WHAT TO WORK ON. Transcribe every line below exactly; no image goes into the output.

*** SOURCE MATERIAL Section Begins ***

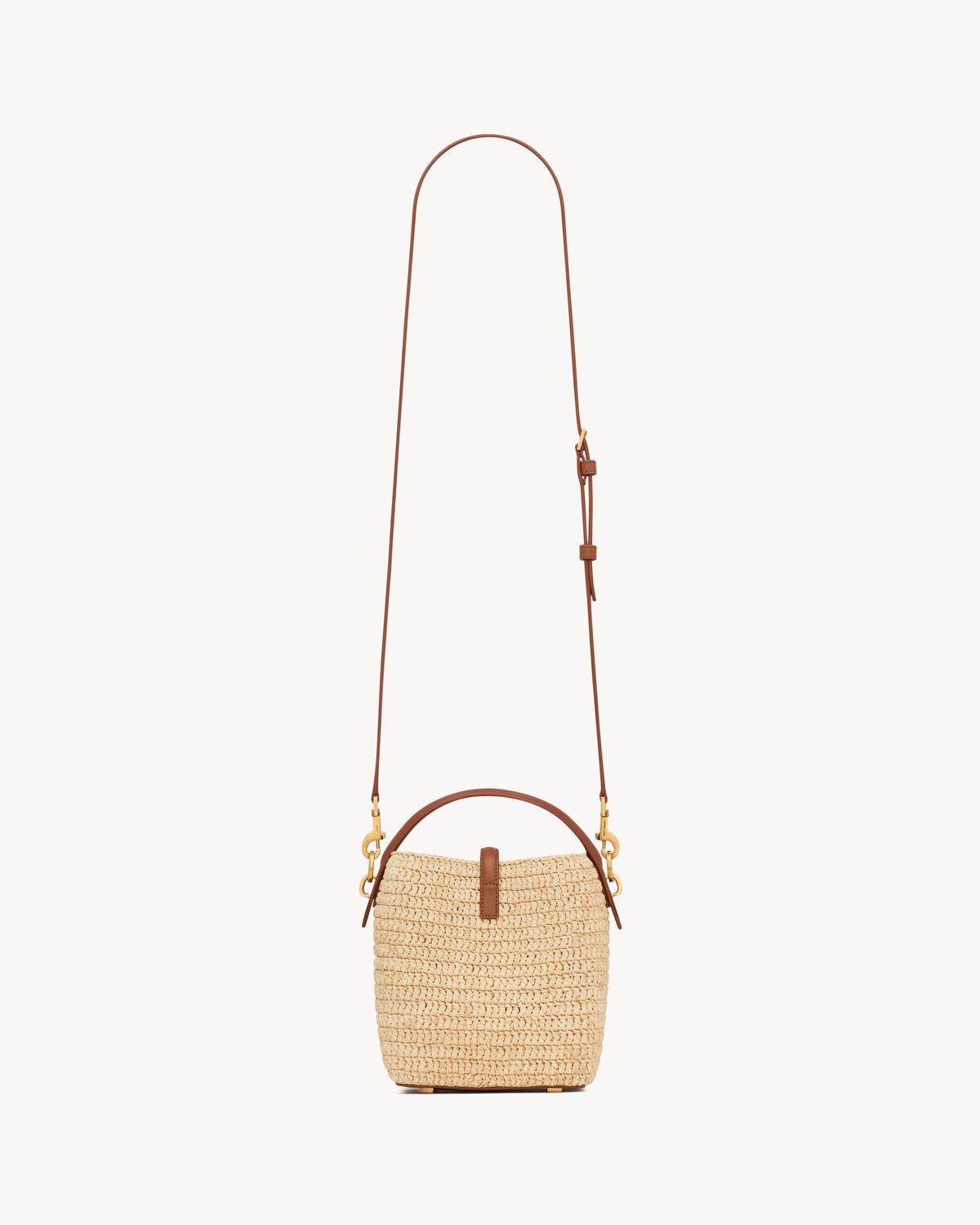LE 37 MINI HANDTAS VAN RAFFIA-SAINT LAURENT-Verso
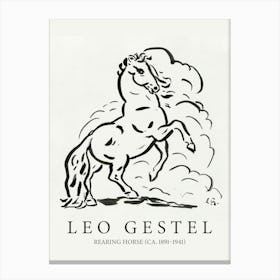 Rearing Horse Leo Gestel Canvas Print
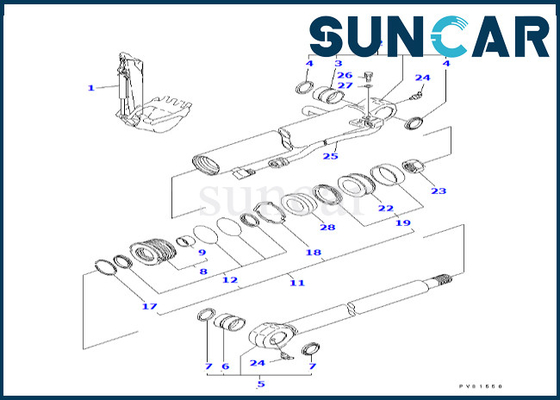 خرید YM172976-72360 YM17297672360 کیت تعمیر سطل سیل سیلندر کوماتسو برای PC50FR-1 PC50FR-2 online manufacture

*** SOURCE MATERIAL Section Ends ***

WRITTEN REPLY.
LE 37 MINI HANDTAS VAN RAFFIA-SAINT LAURENT-Verso
 Rearing Horse Leo Gestel Canvas Print
 خرید YM172976-72360 YM17297672360 کیت تعمیر سطل سیل سیلندر کوماتسو برای PC50FR-1 PC50FR-2 online manufacture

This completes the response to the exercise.